Input for this task:

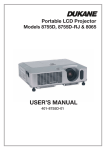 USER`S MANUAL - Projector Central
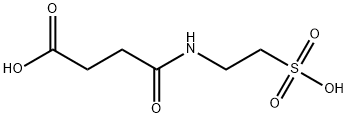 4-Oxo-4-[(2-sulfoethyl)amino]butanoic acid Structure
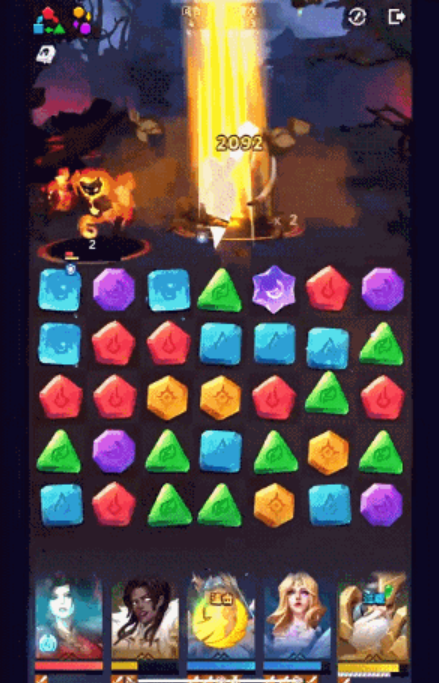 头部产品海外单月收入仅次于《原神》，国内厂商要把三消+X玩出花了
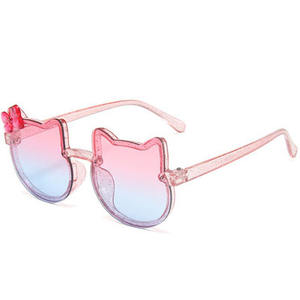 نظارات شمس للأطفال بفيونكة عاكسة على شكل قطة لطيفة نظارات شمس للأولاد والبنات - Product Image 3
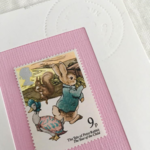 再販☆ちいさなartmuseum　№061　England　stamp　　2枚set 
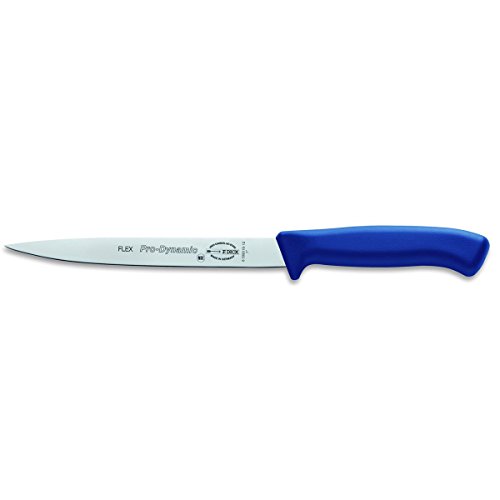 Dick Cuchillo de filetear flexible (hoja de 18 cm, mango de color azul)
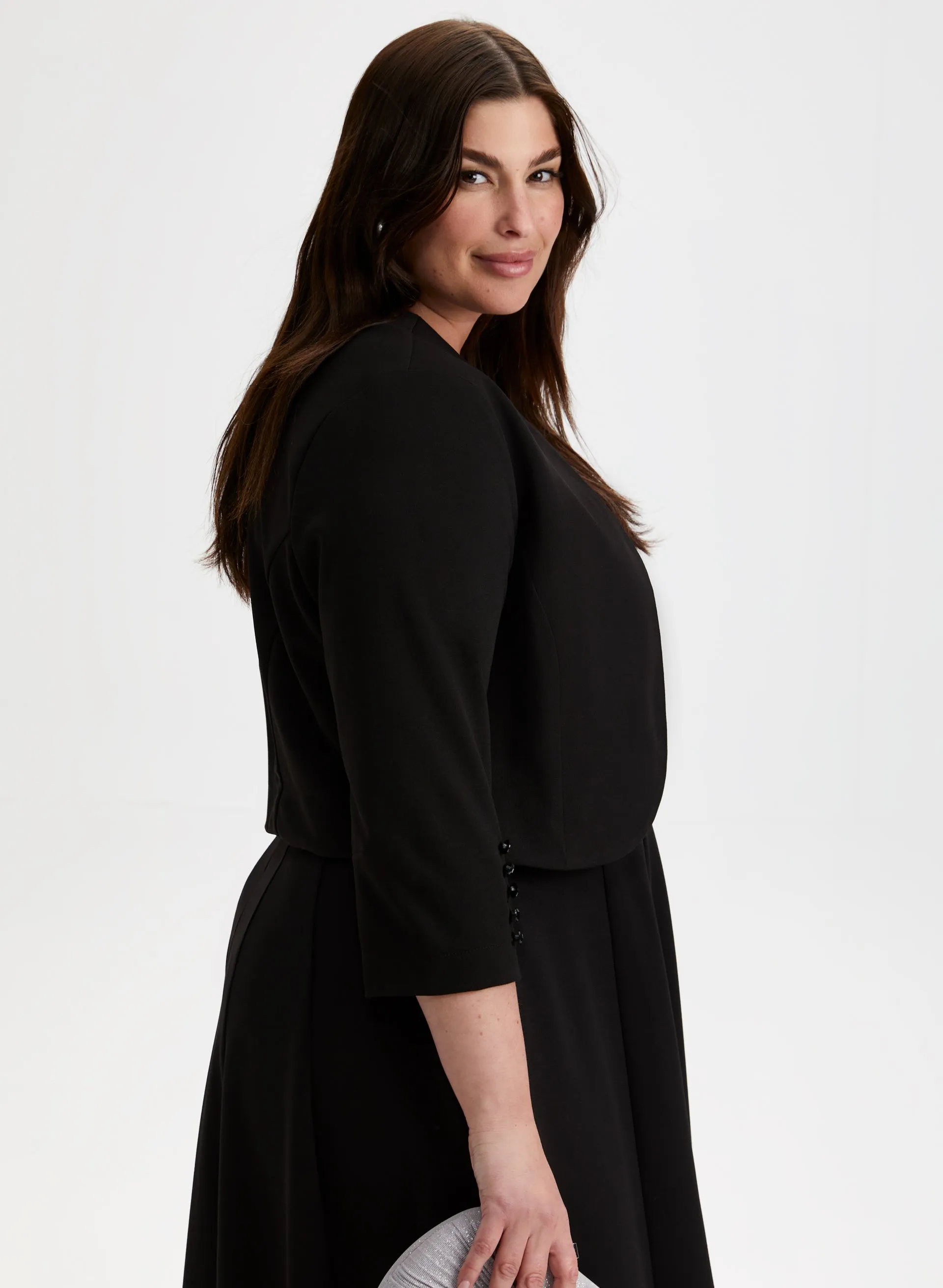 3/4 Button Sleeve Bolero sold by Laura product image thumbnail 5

--

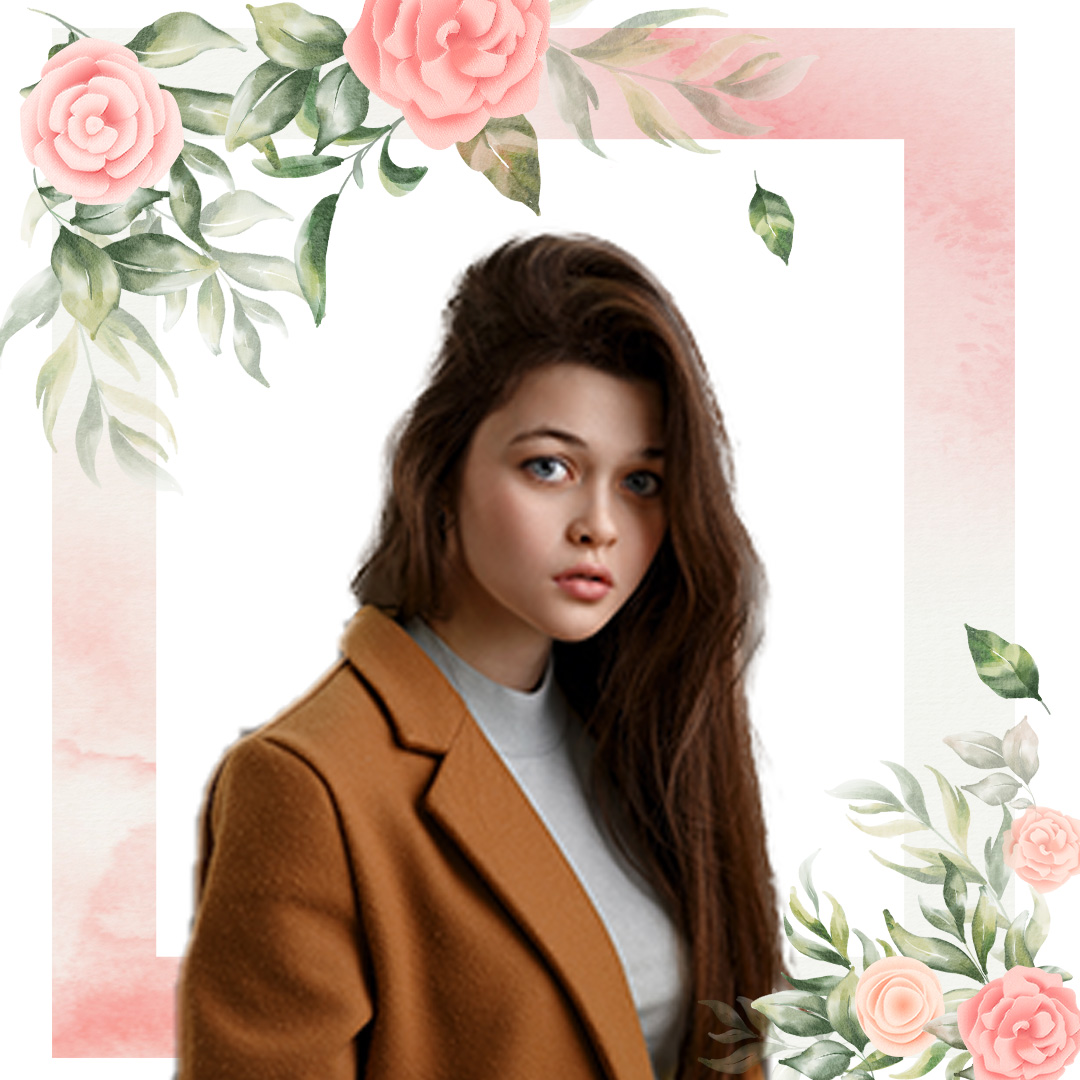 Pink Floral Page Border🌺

Work to be completed: Your copy should hold the lines from the one with "4-Oxo-4-[(2-sulfoethyl)amino]butanoic acid Structure" up to and including the one with "3/4 Button Sleeve", exactly as in the data above, and no pictures.

Written reply:
 4-Oxo-4-[(2-sulfoethyl)amino]butanoic acid Structure
 头部产品海外单月收入仅次于《原神》，国内厂商要把三消+X玩出花了
 نظارات شمس للأطفال بفيونكة عاكسة على شكل قطة لطيفة نظارات شمس للأولاد والبنات - Product Image 3
 再販☆ちいさなartmuseum　№061　England　stamp　　2枚set 
 Dick Cuchillo de filetear flexible (hoja de 18 cm, mango de color azul)
 3/4 Button Sleeve Bolero sold by Laura product image thumbnail 5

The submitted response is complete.